John Adams in Conversation

Jewish Community Center of San Francisco
Arts & Ideas 2009
John Adams
In Conversation with Kevin Starr
Monday, March 23 8:00 pm Fisher Family Hall


American composer John Adams spent about 80 minutes genially answering questions about his background & career. He was good about making remarks that were of interest to a general audience. The talk started with a discussion of his New England roots, his academic music training at Harvard & his arrival in California. When he talked about his cross-country drive to San Francisco at the end of the 60s, it was clear that he is very representative of his generation.

He always imagines an audience when he composes, an audience that is like himself, that reads the same books & perhaps shares his political opinions. He still feels somewhat damaged by the generation of post-war modernists that turned people off to new music. If one of his works is in the 2nd half of a program, it bothers him to see audience members leaving at the intermission, assuming that because his work is modern, it will sound terrible.

Mr. Adams was upset that when a Proms concert had to be re-programmed immediately after 9/11, they chose Beethoven's 9th Symphony to commemmorate the victims. To him, this showed that there is no American music of the greatness of Beethoven or Brahms appropriate to the occasion.

I was very amused when Mr. Adams revealed that he loves The Messiah & wishes he'd written it. I also heartily agree with his assessment that opera is a spectator sport.

The well-read Mr. Adams had specifically requested that historian Kevin Starr be his interviewer. Adams was then cheeky enough to display obvious glee when he managed to stump Mr. Starr as to the origin of the title of his new memoir, Hallelujah Junction. Hallelujah Junction is an actual place name in California.

4 comments:

Gavin Plumley said...

Great post. Hallelujah Junction is a wonderful piano work, but the Adams book of the same title might be better.

Axel Feldheim said...

Mr. Adams had a lot of interesting things to say & no doubt his book is an enjoyable read. The event was recorded for radio broadcast, so it may appear on a Web archive sometime in the future.

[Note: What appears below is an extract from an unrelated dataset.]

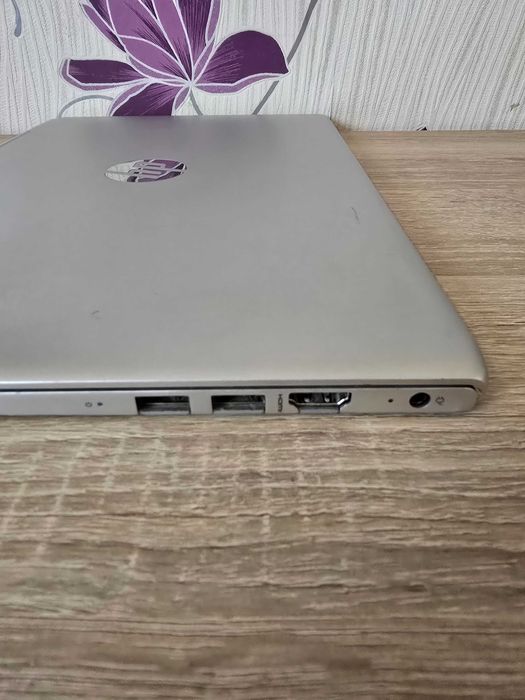 HP ENVY 13 | i7 | 8GB | 256GB |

Thanks for reading, Mr. Plumley. My recreational reading schedule has been slightly derailed by my discovery of Andre Aciman through you!

Gavin Plumley said...

How did you get on with Mr Aciman?

Axel Feldheim said...

Mr. Plumley, I'm afraid that I won't be able to do justice to your inquiry in one little comment. So far I've read False Papers & Call Me By Your Name. I found many pithy sentences in False Papers that I needed to copy into my own personal notebook of quotes. Call Me By Your Name took me by surprise with its psychological intensity & literate mind games. I started to get angry with Mr. Aciman for pushing so many of my buttons in the book's coda, covering the 20 years following the summer described in the story. I was in a local cafe, & I kept muttering "Dammit!" under my breath as I finished reading it.

I do hope to get around to Out of Egypt sometime soon.